The simultaneous requirements of thermal efficiency, fuel flexibility, and low pollutant emission are the main drivers for the development of innovative combustion-based systems. Several concepts were developed in the last decades, to achieve lower temperatures of the oxidation region and avoid the formation of several classes of pollutants. In particular, a number of combustion concepts based on the internal or external dilution and/or preheating of main reactants were proposed. They include flameless oxidation (Wünning and Wünning, 1997), colorless combustion (Khalil and Gupta, 2017), high-temperature air combustion (HiTAC) (Rafidi and Blasiak, 2006), and moderate or intense low-oxygen dilution (MILD). Examples of implementation of these technologies include furnaces, boilers, and gas turbines.

MILD combustion plays today a crucial role in the development of flexible, efficient, and nonpolluting technologies. Notably, its feeding conditions allow the establishment of a distributed reaction zone, with almost uniform temperatures in the combustion chamber, absence of a visible flame, very low levels of noise and fluctuations, absence of soot particles, and negligible NO_{x} and CO emissions (Cavaliere and de Joannon, 2004). In the last decades, strong attention was given to the turbulent combustion modeling of such processes. In fact, the unique thermochemical features related to the turbulence–chemistry interaction have led to the development of new modeling paradigms or to the adaptation of the ones already used for conventional conditions (De and Dongre, 2015). In such systems, the flue gases' recirculation decreases the oxygen level of the reactant mixture, thus slowing down the kinetic rates in such a way that the characteristic chemical timescales approach the mixing timescales; that is, the Damköhler number is close to unity (Özdemir and Peters, 2001). Due to such modifications of the reaction zone, appropriate turbulence/chemistry interaction models need to be developed (Frassoldati et al., 2010). In particular, detailed kinetic mechanisms should be considered to correctly capture the thermochemical variable distributions (temperature and main species fields) and pollutant emissions in particular.

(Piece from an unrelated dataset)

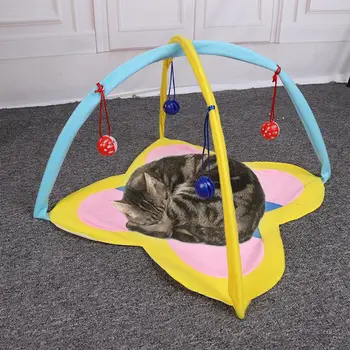 

Pet Toy Pet Playing Colorful Mat for Cats Tent Bed 2 in 1 Cat Exercise Center with Hanging Bells Pet Toy For Cats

The complexity of MILD reaction structures has pushed the development of a number of approaches for Reynolds-averaged Navier–Stokes (RANS) (Galletti et al., 2007) and large-eddy simulations (LES) (Duwig et al., 2007), which can be divided into flamelet-like and finite-rate approaches, depending on the assumptions made with respect to the accessible reaction state space (Pope, 2013).

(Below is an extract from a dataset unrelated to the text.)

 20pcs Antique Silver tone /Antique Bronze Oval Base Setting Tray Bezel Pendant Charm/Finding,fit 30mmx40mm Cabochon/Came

Flamelet-based models allow us to include detailed chemistry effects at an affordable computational cost, as the chemical state space is calculated in a preprocessing step, and it is then accessed during the actual simulation via a number of scalars (typically the mixture fraction and a progress variable) that parameterize the chemical state space (Pierce and Moin, 2001, 2004). In this context, tabulated chemistry techniques such as the flamelet-generated manifold (FGM) (Van Oijen and De Goey, 2000) and flamelet progress variable (FPV) (Pierce and Moin, 2001, 2004) techniques have acquired a key role in the combustion community, and their effectiveness has been demonstrated for a number of problems and configurations. Recently, Abtahizadeh et al. (2015) showed that the canonical structure used for tabulation strongly influences the representation of MILD combustion in jet in hot coflow (JHC) configurations. Such results were confirmed by Sorrentino et al. (2018a), for a cyclonic flow burner. A relevant challenge in FGM/FPV approaches is to include the effects of exhaust gas recirculation in the lookup tables, to properly represent the dilution and heat loss effects (Lamouroux et al., 2014). The inclusion of additional variables in the tabulation procedure is a very demanding task and can lead to expensive computational fluid dynamics (CFD) simulations due to the increased manifold dimensionality (from 3D or 4D to 6D).

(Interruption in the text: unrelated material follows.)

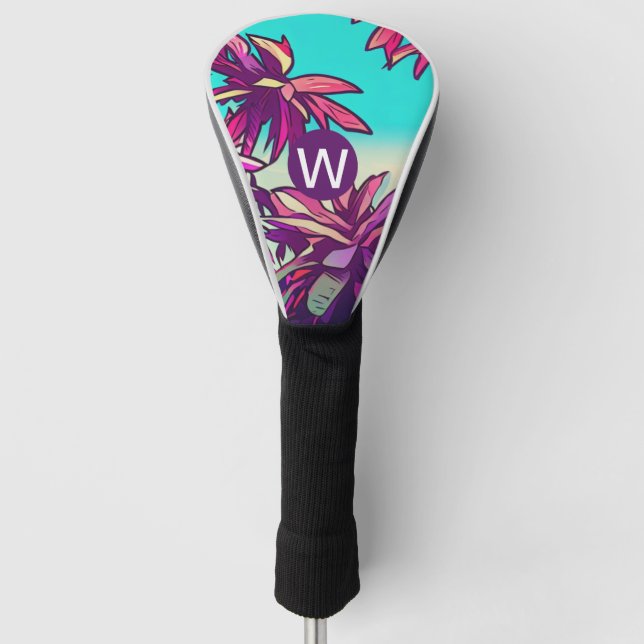Monogram Colourful Tropical Golf Head Cover (Front)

Reaction rate-based approaches have been also proposed in the literature and applied to MILD conditions. Among them, it is worth mentioning the eddy dissipation concept (EDC) (Magnussen, 2005) and the partially stirred reactor (PaSR) model, originally proposed by Chomiak (1990). Both models divide each grid cell into two regions: the reacting structures, modeled as ideal reactors, and the surrounding fluid mixture. The main difference between the two approaches lies in the estimation of the reacting structures' volume fraction. In EDC, the latter is solely based on the turbulence properties of the flow, obtained by means of an energy cascade model (Magnussen, 2005). In PaSR, the reacting fraction explicitly depends on both the mixing and chemical timescales. Recently, the PaSR model was used to simulate the Adelaide JHC, using both RANS (Ferrarotti et al., 2019) and LES (Ihme and See, 2011), with very satisfactory results. Despite the encouraging progress in the use of reactor-based models for MILD combustion, there are still open questions related to the general applicability of the concept to different configurations. To this end, the availability of experimental data in MILD conditions is key.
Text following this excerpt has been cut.